== Segment start ==

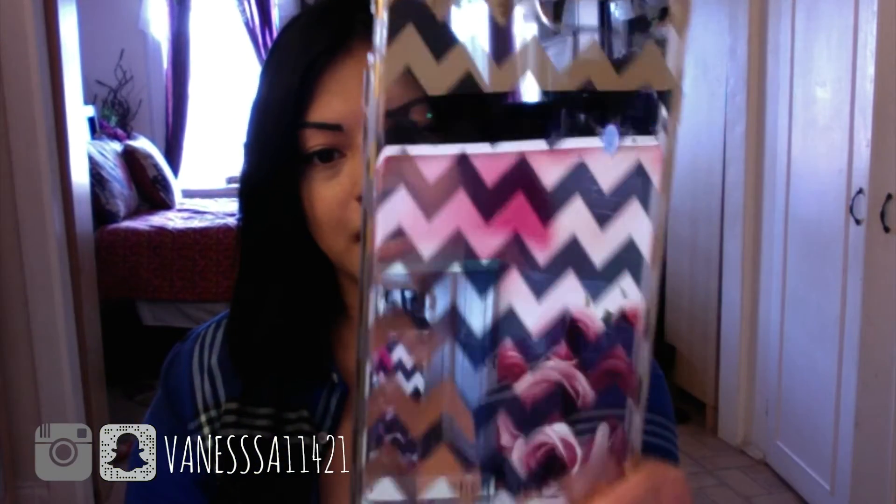If you hear some noise in the background, it's because there's something going on out in the streets. Anyway, let me show you my first case. The first one is Kate Spade — basically just put that name and you'll find a lot. There are a lot of cute Kate Spade cases for any type of phone. This one is clear with a zigzag pattern and it's a soft type case, kind of hard but soft, and it has something to protect the front.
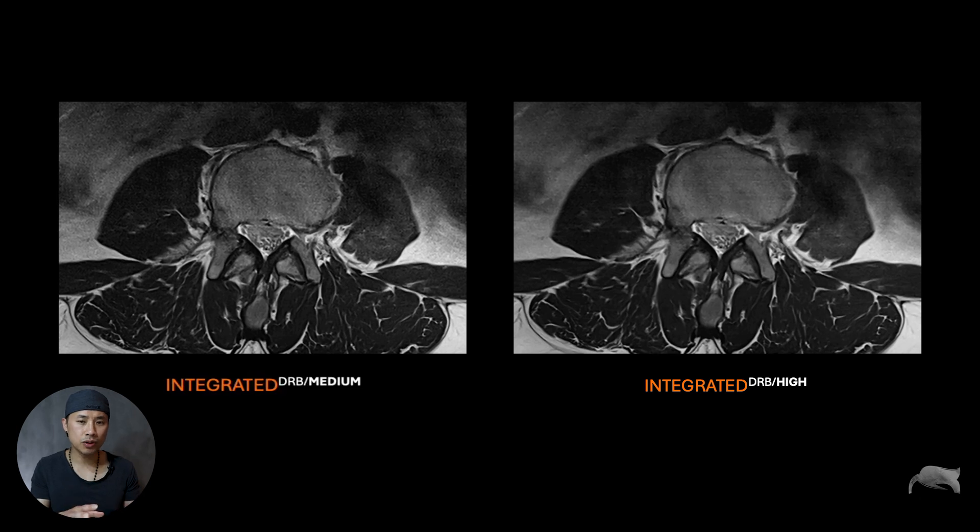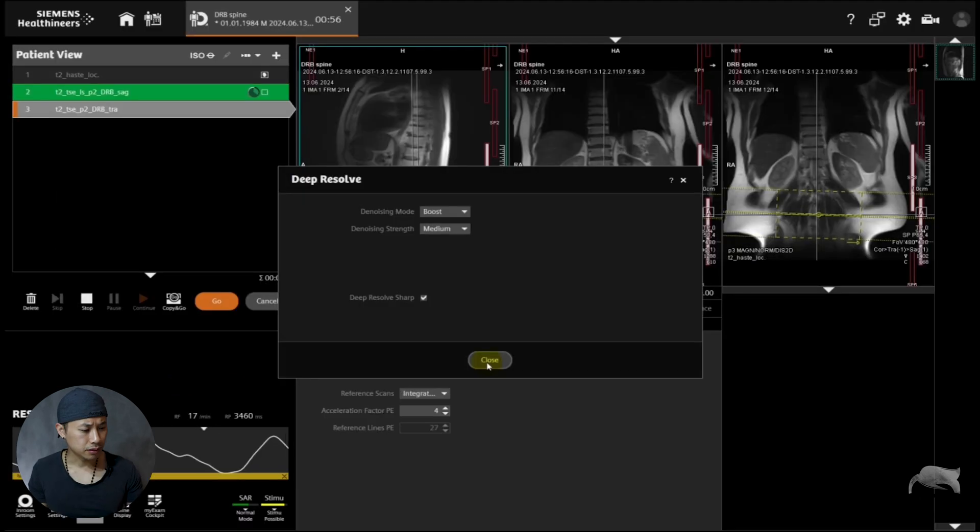So this is the difference. We are using integrated mode, and both scans are exactly the same — I just did a retrospective reconstruction with Deep Resolve hard on, just to show you. As you can see, this is medium — it's a little bit noisy, which many radiologists like. But for integrated hard, you can see it's a little bit smooth, and there are some artifacts: streaking artifacts and smearing artifacts, which is not great at all. It's also too smooth. That said, it depends on your radiologist's preferences. I personally like the medium because it's a little noisy — it's more like what we're used to.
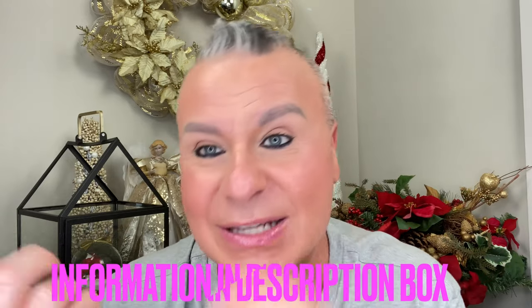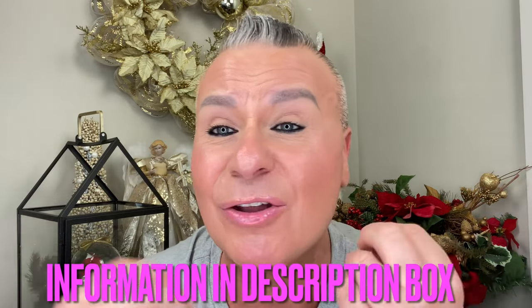Hey everyone, welcome back to my channel. This is Gabe and this is Gabe Loves Makeup. Happy new year to you whenever you're watching this. Come on in, pull up a chair, grab a glass of wine, a cup of something, a little snack — grab an eyeliner and some eyeshadow — because we're going to be doing a smoky look for new year's. Hopefully it'll turn out easy and not too complicated, so stick around and let's do it together.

== Segment end ==

PROBLEM STATEMENT:
Give back the material above exactly, with each picture removed.

SOLUTION BELOW:
If you hear some noise in the background, it's because there's something going on out in the streets. Anyway, let me show you my first case. The first one is Kate Spade — basically just put that name and you'll find a lot. There are a lot of cute Kate Spade cases for any type of phone. This one is clear with a zigzag pattern and it's a soft type case, kind of hard but soft, and it has something to protect the front.
So this is the difference. We are using integrated mode, and both scans are exactly the same — I just did a retrospective reconstruction with Deep Resolve hard on, just to show you. As you can see, this is medium — it's a little bit noisy, which many radiologists like. But for integrated hard, you can see it's a little bit smooth, and there are some artifacts: streaking artifacts and smearing artifacts, which is not great at all. It's also too smooth. That said, it depends on your radiologist's preferences. I personally like the medium because it's a little noisy — it's more like what we're used to.
Hey everyone, welcome back to my channel. This is Gabe and this is Gabe Loves Makeup. Happy new year to you whenever you're watching this. Come on in, pull up a chair, grab a glass of wine, a cup of something, a little snack — grab an eyeliner and some eyeshadow — because we're going to be doing a smoky look for new year's. Hopefully it'll turn out easy and not too complicated, so stick around and let's do it together.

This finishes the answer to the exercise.